Change Log

1.2.1 (2014-11-19)

Changed license to Apache License version 2. (Issue 17)
Note that TreeTagger itself is subject different license terms available from the TreeTagger TreeTagger website.

Support for getting multiple tag/lemmas and their probabilities. This feature requires a TreeTagger binary newer than 2012-04-25. When used with previous versions, it will just hang. At the time of writing, the TreeTagger versions for OS X (Intel), Windows and Linux support this feature. It is possible that the versions for Solaris and OS X (PPC) may not be updated to support this feature. TT4J continues to work with other/older TreeTagger versions as long as this feature is not used. (Issue 13)
Improved parsing of TreeTagger output.

Changed default flush sequence to work with the TreeTagger model for chinese (Issue 6 - thanks Jérôme)

Added detection if communication with TreeTagger starts running out-of-sync due to some odd characters appearing in tokens. This can be disabled, but per default the strict-mode is on.
Added setting for the maximal token length (default 90000 bytes) - TreeTagger seems to have a limit of 99998 bytes per token and crashes when this is exceeded
Improved handling of crashed TreeTagger process

Fixed bug: Resource not properly destroyed when an exception is thrown in reader/writer thread.
Improvement: Try harder to get to end-of-text mark.
Improvement: Added tracing of start and end marks.
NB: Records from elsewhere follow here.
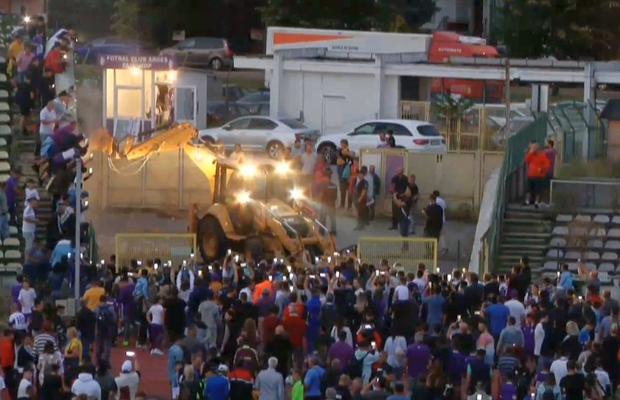 A intrat buldozerul! » Începe demolarea stadionului istoric din România: sute de oameni au venit să-și ia rămas bun de la arenă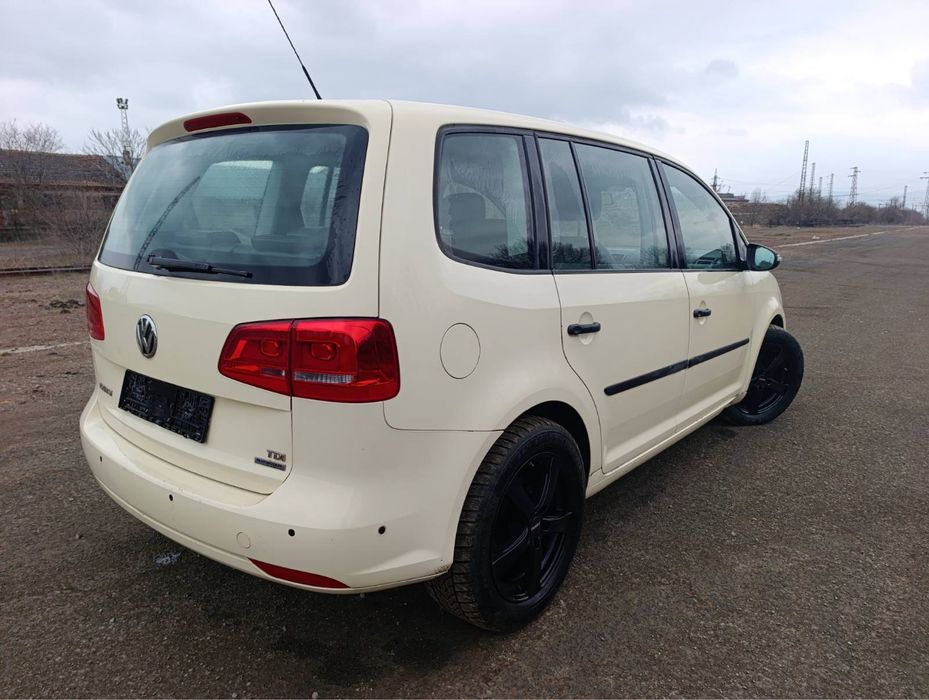 VW Touran1.6 TDi 6+1 105к.с.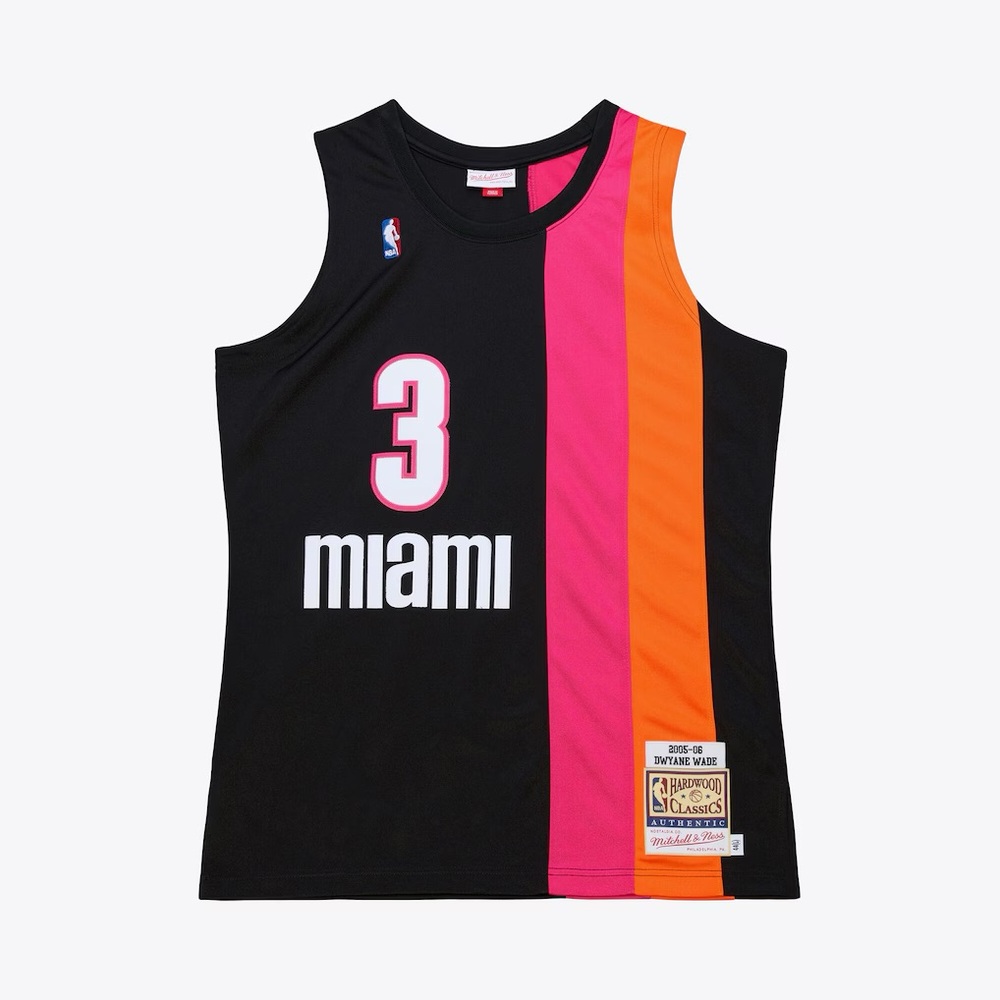 Dwyane Wade Miami Heat Mitchell & Ness '05-06 Hardwood Classics Authentic Jersey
Improvement: Massively improved throughput when processing a large number of documents.
Improvement: Try to gracefully handle cases where TT does not produce a “token tag lemma” line. Return null for tag and lemma in these cases.

Improvement: Added tracing.
Improvement: Improved robustness ignoring illegal tokens (e.g. containing tabs or line breaks).
Improvement: Added performance mode which does not check for illegal tokens.

Improvement: Allow setting the parameters -eps and -hyphen-heuristics needed to use TT4J with chunker models. Now a chunker can be build on top of TT4J.